Task brief: In the entries below, begin at the line with "men gift set" and stop after the line with "1113 Tributary WAY, Olivehurst, CA 95961"; output those lines exactly and omit the pictures.
[Opening Task data section]
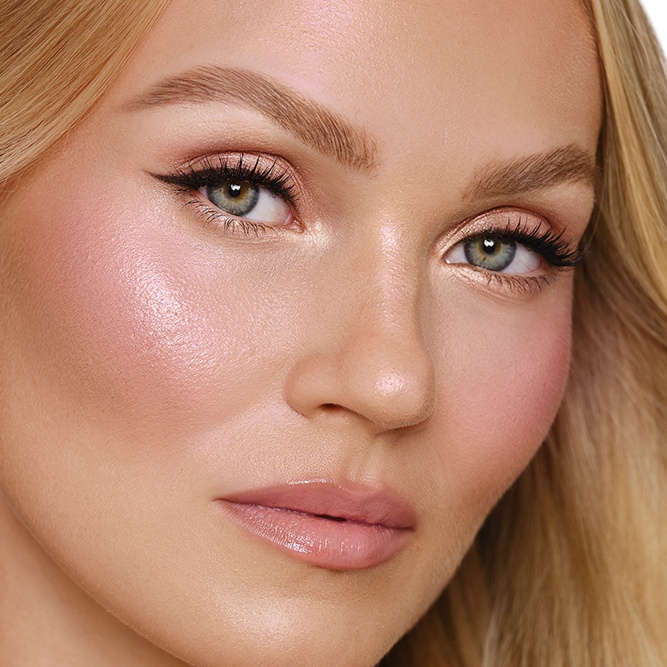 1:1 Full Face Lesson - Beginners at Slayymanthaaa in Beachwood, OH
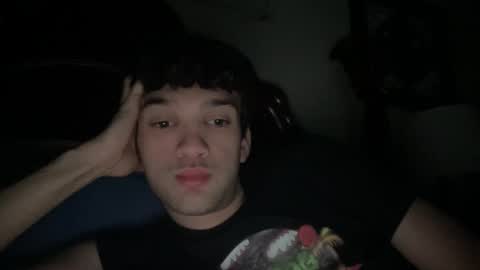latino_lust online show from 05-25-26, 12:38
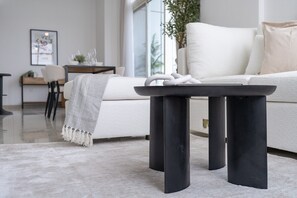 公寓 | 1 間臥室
[Closing Task data section]
[Opening Task data section]
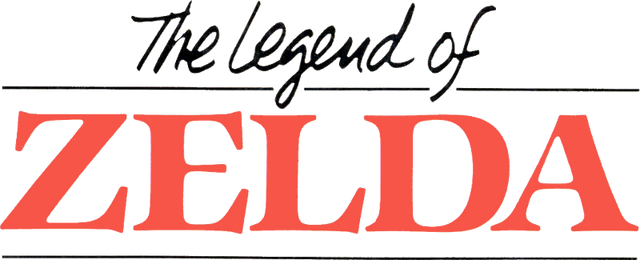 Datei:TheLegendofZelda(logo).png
[Closing Task data section]
[Opening Task data section]
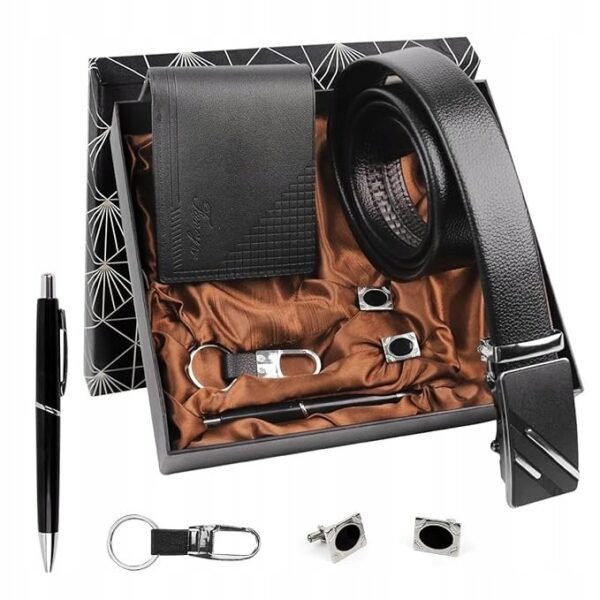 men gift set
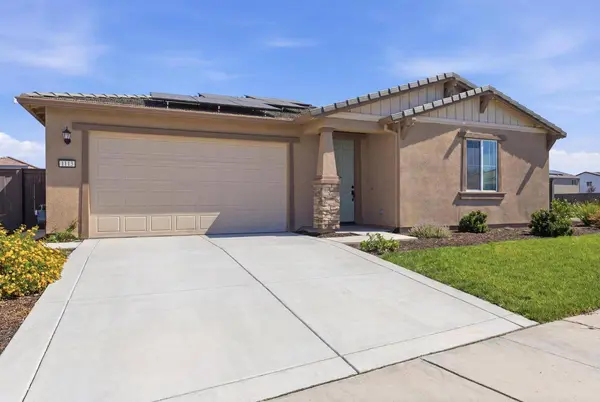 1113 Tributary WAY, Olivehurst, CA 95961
[Closing Task data section]
Response area:
 men gift set
 1113 Tributary WAY, Olivehurst, CA 95961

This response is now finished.